2: Some sort of national security argument, where production being cut off during war would be a serious concern. My general thought on this one is that if something is specifically important for national security, broad reaching taxes on all imports probably aren't as useful as targeted government interventions in those specific industries. The government can build whatever factories it wants or contract people to do specific things if it passes a law to do so. If we're worried that we need a domestic supply of beets(randomly selected example) and the government is willing to produce them at a loss for national security reasons, they should probably just do that rather than tax imports of coffee, chocolate, bananas, beets, beef, and cars in order to encourage domestic production of beets.
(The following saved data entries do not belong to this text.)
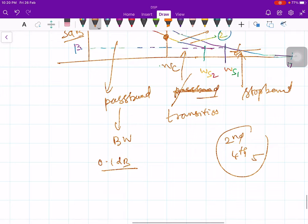So, this is the concept of filtering and how you achieve the transitions. Let me stop at this point. In the next lecture, we will take an example. Thank you very much.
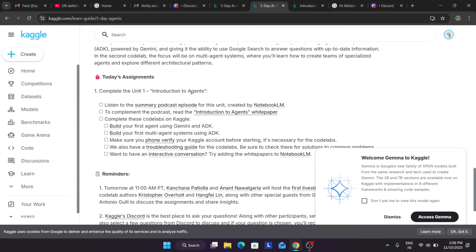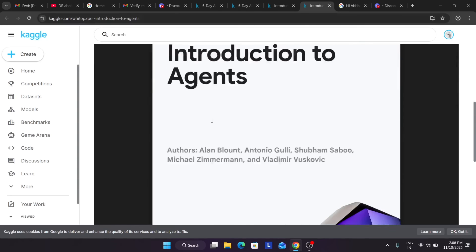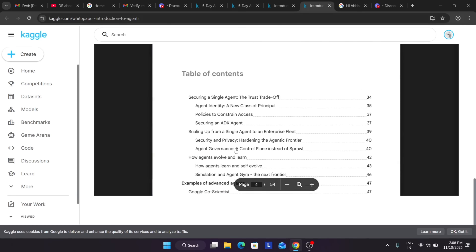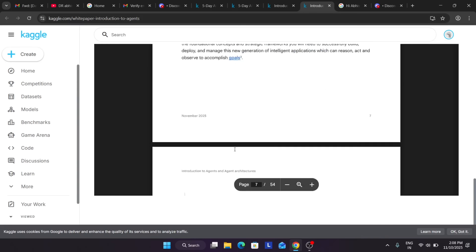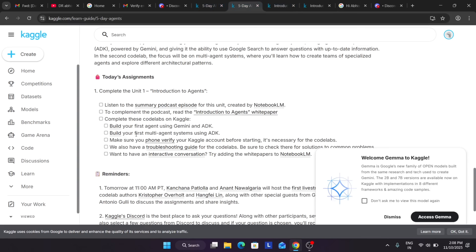For the code labs, you need to build your first agent using Gemini and ADK, and then build a multi-agent system using ADK. Remember to verify your phone number to use Kaggle. If you have queries, check the troubleshooting guides or contact the Discord server. I will try my best to make tutorial videos for all units and assignments. For now, explore the units, attend all the live sessions, and check their YouTube channel.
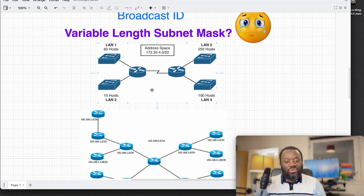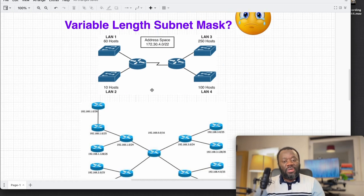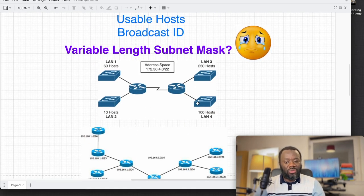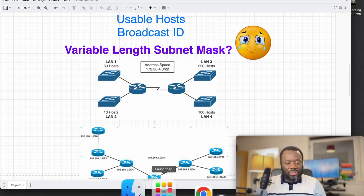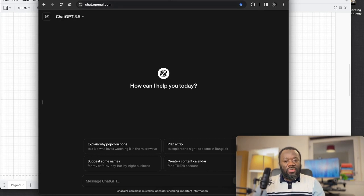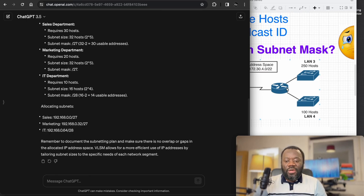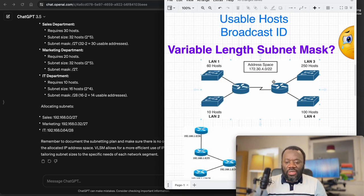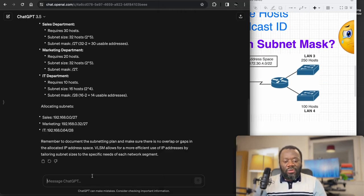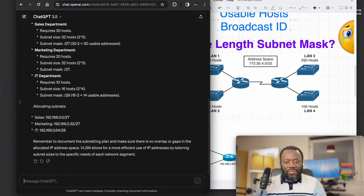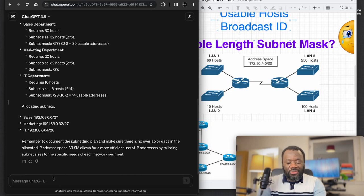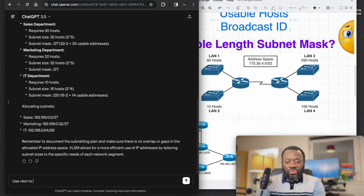We will just quickly try this out with ChatGPT and see what happens. I've got my session here at chat.openai.com. Looking at this topology, let's provide a prompt that will try and do justice.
The broad spectrum nature of across the board tariffs doesn't specifically protect any given industry, unless the specific protection desired is "nothing should be imported, only ever produced domestically."
3: Historically speaking tariffs were a major source of government revenue. There was no income tax in the very early US (and this was the case in many places), and tariffs were seen as an efficient way to raise a lot of money for the government. At the time it was also something that was a lot easier to measure than things like property value, sales, or individual income, because all the goods had to come in through a port. Pretty easy to check the majority of the things coming in, compared to other taxation methods. A major argument in the time period was actually that the government was making too much revenue, such that it was constricting the growth of the private economy! A huge debate in the 1880s and 1890s was on how the share of government revenue could be lowered, and the growth of the economy could be encouraged. Republicans argued that implementing more tariffs would actually reduce imports and lead to lower revenues, which was the stated goal of the McKinley tariffs.
The general reason some people oppose tariffs overall is that they represent an approach to economic growth based on zero-sum thinking, i.e. an idea that if another country experiences economic growth, ours must suffer economic decline. There tends to be more support from many people behind the idea that international trade allows multiple economies to grow in tandem, as I understand it, but I'm definitely not an expert in this stuff, haha. I just find the historical aspect interesting.
On your second point, describing it as a major export economy in the period I describe is maybe not capturing the scenario, because we were in the middle of a major change in manufacturing. We were major importers of manufactured goods in the preceding time period, and we exported agricultural goods! The period from 1890 to 1910 roughly(depending on when you draw the cutoff) is when the US mainly started exporting manufactured goods more than importing them, and it was a massive transition. The period we're talking about is probably best understood as when we were in the process of industrializing more.
It's fair to point out that the economy was pretty different at the time, but it was different in a bigger way.